The report is primarily perception driven, with the majority of the data points in the report emerging from the globally administered executive opinion survey. Jamaica's 2011 ranking is therefore in large part, a function of the perceptions of the 54 Jamaican business executives that participated in the survey.
It places emphasis on comparative analysis and not on individual country improvements.
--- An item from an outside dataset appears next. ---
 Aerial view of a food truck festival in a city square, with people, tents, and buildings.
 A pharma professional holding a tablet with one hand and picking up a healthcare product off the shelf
It therefore does not recognise areas of significant improvements, which are being achieved by Jamaica.
The Government is committed to reversing negative perceptions of Jamaica as a business-friendly destination by exacting real and lasting impact on the national business environment in the drive for global competitiveness.
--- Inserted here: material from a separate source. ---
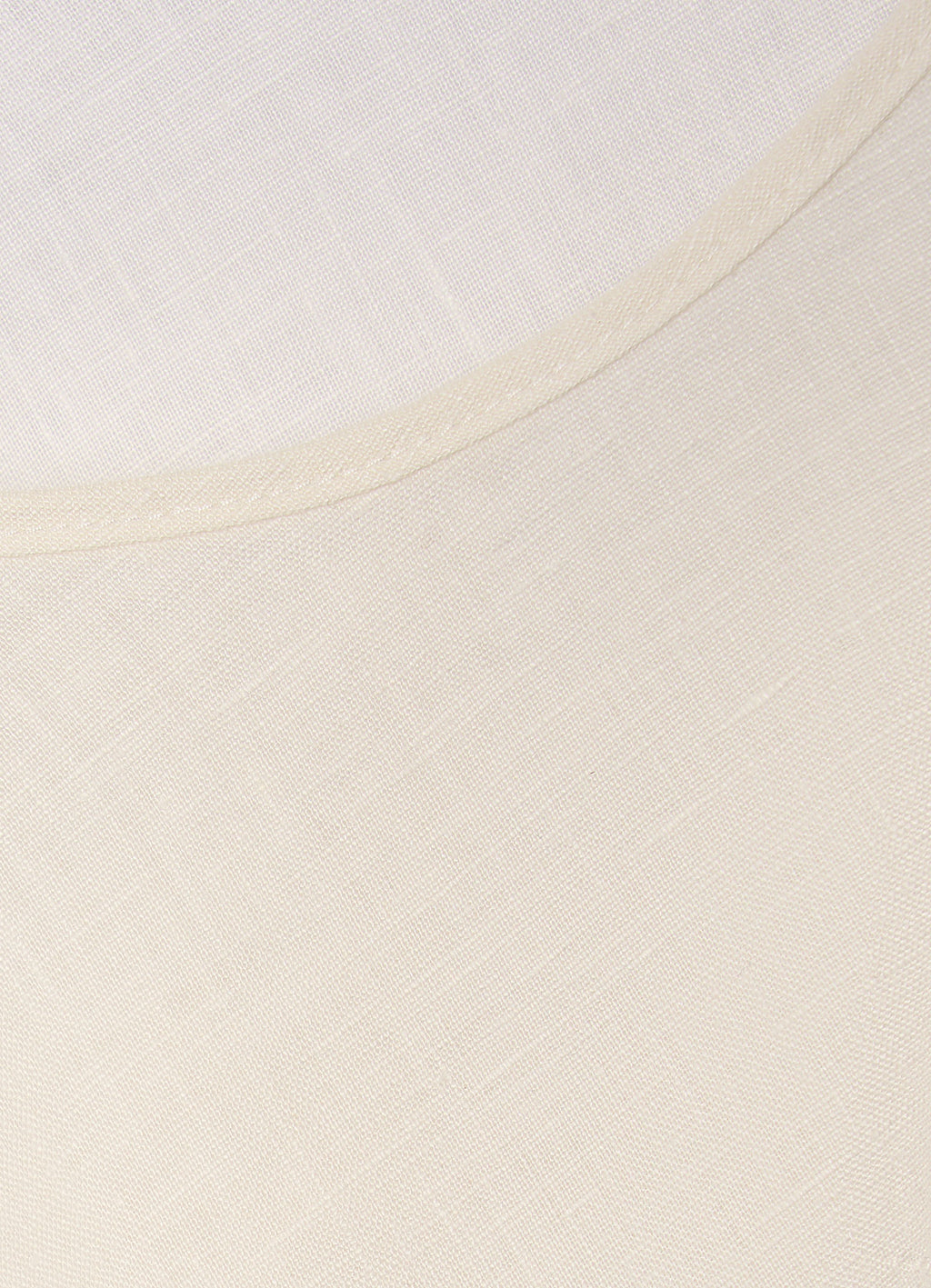 Detail of cream linen-blend top showing soft texture and neckline finish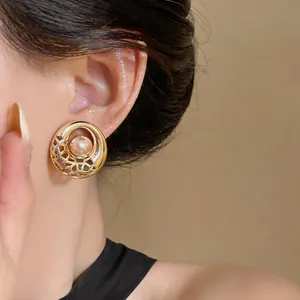Detailed close-up showing the intricate hollow gold design of circular pearl stud earrings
In this regard, the 2011 GCR ought not to be received as 'depressing reading', rather the document is best used as a compelling stimulant to motivate enhanced partnerships between the private and public sectors for greater levels of productivity.
The 2011 Global Competitiveness Report best serves as an inflection point, from which to plot an upward trajectory to advance Jamaica's position in the rankings. As a ministry, we will bring the required analysis and actions in partnership with the wider public service and the private sector to address the complex issues that bedevil our national productivity and global competitiveness.
This is not gainsaying. We are all familiar with the historical challenges.
Our public narrative has been replete with the analysis and the spirited discourse, both constructive and unhelpful. Yet, the acknowledged reality is that Jamaican businesses have for several decades been incentivised to shy away from risk-taking and to rely on guaranteed returns from investments in government paper.
This stands in stark contrast to an ethos, where risk-taking undertaken in a business-friendly environment where production is incentivised, and investor/business confidence is high.
We recognise that nothing can be gained by being dismissive of the findings of the GCR, rather our approach is to learn from the negatives and to capitalise on the advances we are making in growing the economy. Already, we are seeing some palpable developments. For starters:
It is getting easier to pay our taxes: there has been a reduction in the number of tax payments from 72 to 36 with more to come, as a result of the amalgamation of payroll taxes.
Reforms in customs are making life easier for our exporters: Improvements such as the Export One Stop Shop Facility is simplifying inspection and document processing at the ports.
Starting a business in Jamaica is getting easier: the plans to institute a super form to consolidate the numerous application forms and declarations into one standardised application form for business registration is well under way.
Jamaica's macroeconomic environment is the best it has been in several decades.
The Jamaican economy grew by 1.5 per cent for the April to June 2011 period, the second consecutive quarter of growth, while inflationary pressures have largely been kept in check.
Interest rates which served as a significant disincentive for production and investment are currently at their lowest levels since the mid-1970s.
Homeowners are now enjoying single-digit mortgage rates.
And crime has declined nearly 40 per cent between January and June 2011 over the similar period last year.
In the face of these positive developments, the Global Compe-titiveness Report 2011 is in effect a perception survey; nonetheless, we recognise that perceptions oftentimes frame and inform reality.
The clear mission is to close the global perception gap with the substance of increased local direct investments.
It is said that one of the first indicators checked by the discerning foreign investor when considering investment in a country is the level of economic activity by local investors. It is with this in mind that Jampro and other facilitation agencies in the ministry have been charged to bring renewed focus on local investments and to encourage and support existing investors to expand, reinvest and increase employment.
This is but one of a number of strategies that it is already in train to challenge and change negative perceptions of our competitiveness and our will as a country to be globally competitive.
Investor confidence cannot be built overnight. Systemic bureaucratic red tape isn't defeated in a day. Global competitiveness, perceived or practically achieved, is a moving target. The one constant is the excellence that resides within the Jamaican productive sector and a dynamic business support network.
The Government's role in this regard is to unlock and cultivate this excellence as expressed in high levels of investments, foreign and domestic, resulting in strong business linkages, robust economic activity, high levels of production and a thriving export trade. Partnership will be the master key to ignite the flame of our collective will for our success.
Our future is in our hands. Our best days are ahead of us.